Genealogy of a Company
March 30, 2013
I have been a volunteer at the Midwest Genealogy Center for a little over three years but working on family research for about 11 years now. I specialize in Canadian and Hungarian research, but how in the world does that relate to genealogy of a company?
I’ve been an associate at UMB Bank in Kansas City for almost 22 years. In 2013, we will be celebrating our centennial as a company. I offered my services to research the history of the bank, since it was pretty much right up my alley, and figured it would be a wonderful opportunity to learn more about the rich history of the bank. The Midwest Genealogy Center is just filled with all kinds of great resources, so I was ready to dig in.
The first thing I needed was the original name of the company and the date of the original charter or incorporation of the company. Consider this the "birth of the company." The parents of the company would be those individuals who were the original owners.
I started looking through microfilm of the Kansas City Star/Times/Journal for dates within a week of the original incorporation date. I was fortunate to find what I believe was the first advertisement for City Center Bank in 1913. Think of this advertisement as the "birth announcement" for the company. The announcement also included the assets listed as $100,000 and surplus as $10,000, similar to the weight and length in a baby announcement.

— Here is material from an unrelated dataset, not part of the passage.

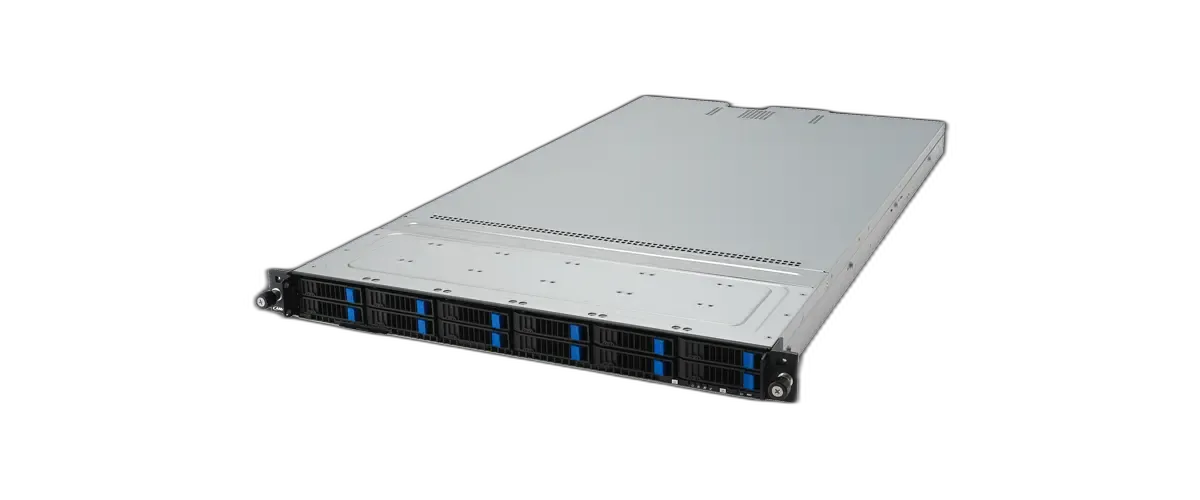 AMAX ServMax A-1112T 1U AMD Rackmount Server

Throughout the years, we grew and so did Kansas City. The bank changed names, acquired other financial institutions, added new lines of businesses, and so on. Name changes are just like when a woman marries, but in the case of a company, it is a little easier to track down the new company name.
Acquisitions are just like marriages. And like married couples, companies celebrate silver, golden, and diamond anniversaries. UMB Bank is fortunate to celebrate 100 years next year.

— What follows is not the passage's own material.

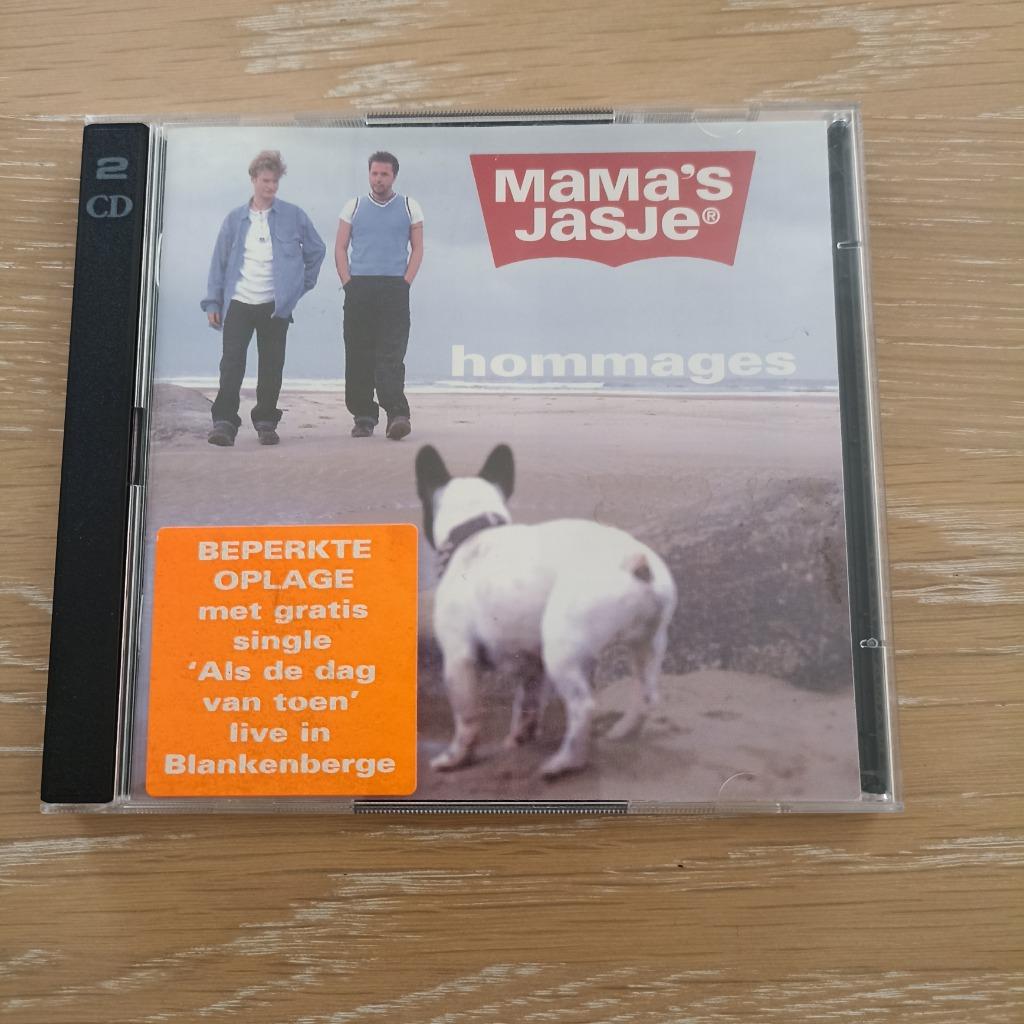 Mama's jasje Hommages , 2 cd, Enlèvement ou Envoi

New lines of business can be viewed as a new branch of the family tree, with the original company being the parent. As you can see, more dates, places, and names are being added to the company tree.
Subsidiaries of the company, in some cases, could be considered children or even grandchildren.
Hopefully you are catching on!
When a company ceases to exist, think of it like a death. And companies are not without divorces. Sometimes a new line of business breaks off into a company all their own, pulling away from the parent company.
Memories of a company live on just like they do a family. I was fortunate, through my research, to see how Kansas City was built. You see, I was born and raised on the south side of Chi Town, aka, Chicago.
Look for the UMB Bank Centennial Display at the Midwest Genealogy Center in 2013.